Naya merasa ada yang aneh. "Menungguku?"
"Ya," pria itu berkata, matanya menatap Naya dengan intens. "Aku sudah menunggumu di sini. Di meja nomor 9."
Naya terdiam, jantungnya berdebar kencang. Semua yang ia rasakan kini seperti menjadi kenyataan. Pria ini... pria yang seolah keluar dari dunia fiksi yang ia tulis. Naya mencoba untuk memahami, mencoba untuk menghubungkan semuanya, namun pikirannya terasa kacau.
"Siapa kamu?" tanya Naya dengan suara yang hampir hilang. "Apa yang kamu inginkan dariku?"
Pria itu menghela napas, dan matanya tampak penuh dengan rahasia. "Aku Nard. Aku adalah bagian dari cerita yang kamu tulis, Naya. Tapi aku bukan hanya fiksi. Aku ada di sini, sama seperti kamu."
Kata-kata itu mengguncang Naya. Sejenak, ia merasa seperti terjebak dalam dunia yang tidak bisa ia kontrol. Pria ini, Nard, adalah karakter yang pernah ia tulis, namun kali ini, ia tampak lebih nyata daripada sebelumnya.
"Ini... ini tidak mungkin," kata Naya, berusaha menenangkan dirinya. "Kamu... kamu hanya karakter dalam novelnya. Kamu tidak bisa nyata."
Namun Nard hanya tersenyum, kali ini senyuman yang penuh pengertian. "Begitulah, bukan? Kadang, cerita bisa melampaui imajinasi kita. Dan terkadang, cerita itu bisa hidup."
Tiba-tiba, sesuatu dalam diri Naya tergetar. Ada perasaan yang tak bisa ia jelaskan—sebuah keterhubungan yang dalam dengan pria ini, dengan Nard, yang datang dari dunia fiksi yang ia buat. Dia adalah bukti bahwa cerita dan kenyataan bisa bertabrakan.
"Apakah kamu... apakah kamu yang membuat semua benda-benda aneh muncul di meja ini?" tanya Naya, mencoba untuk memecahkan teka-teki yang selama ini mengganggunya.
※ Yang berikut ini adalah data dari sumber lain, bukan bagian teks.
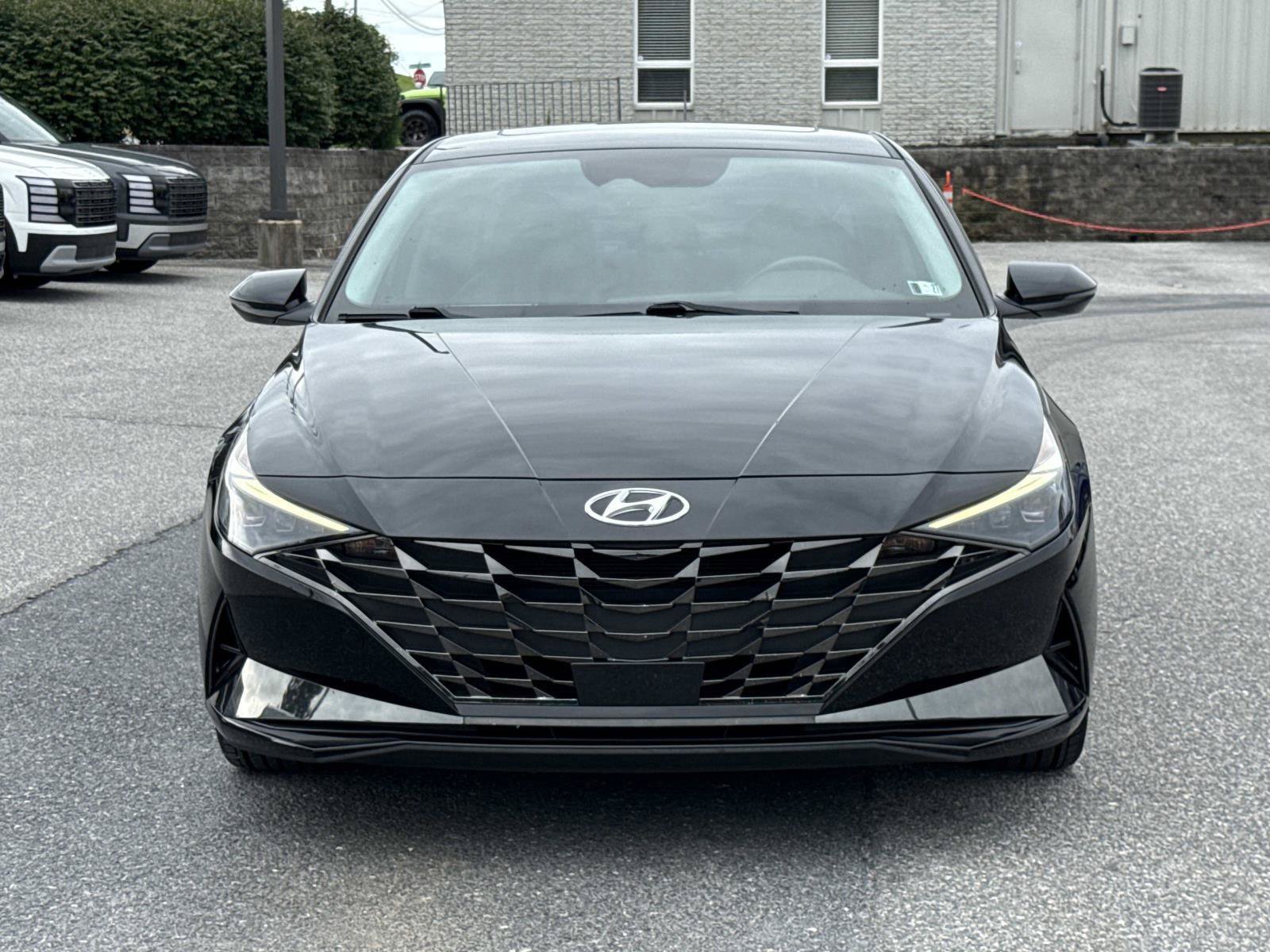 Certified 2022 Hyundai Elantra Limited FWD image 29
Nard mengangguk pelan. "Ya. Aku mencoba membantu kamu menyelesaikan ceritamu. Tapi sebenarnya, ini bukan hanya tentang novel yang kamu tulis. Ini lebih tentang kamu, tentang takdirmu yang sedang berinteraksi dengan dunia cerita. Kita saling berhubungan lebih dari sekadar kata-kata di atas kertas."
"Apa maksudmu?" Naya bertanya, bingung.
Nard berjalan mendekat, duduk di kursi di sebelahnya. "Kau pernah bertanya-tanya kenapa meja nomor 9 selalu kosong? Karena itu adalah tempat di mana takdir kita bertemu. Dunia ini, dunia cerita, dan dunia nyata—semuanya terhubung melalui meja ini. Aku ada di sini karena kamu memberiku kehidupan, Naya. Kamu menulisku ke dalam eksistensi, dan sekarang, aku hadir untuk menunjukkan kepadamu bahwa tak ada yang benar-benar fiksi."
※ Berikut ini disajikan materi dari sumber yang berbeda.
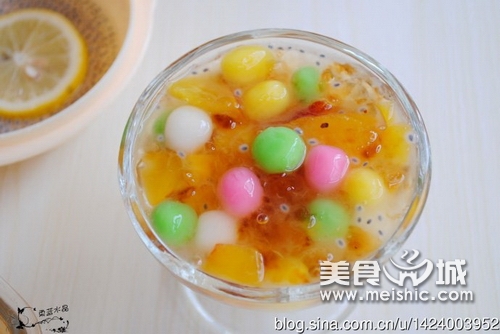桃胶圆子羹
Naya merasakan sesuatu yang lebih dalam dalam kata-kata Nard. Sesuatu yang lebih dari sekadar misteri—sesuatu yang mengubah pandangannya tentang dunia. Dunia yang selama ini ia anggap nyata, kini tampak berbeda. Apakah ia akan memilih untuk menerima kenyataan ini? Apakah ia akan menerima bahwa ceritanya dan takdirnya mungkin telah ditentukan jauh sebelum ia mengetahuinya?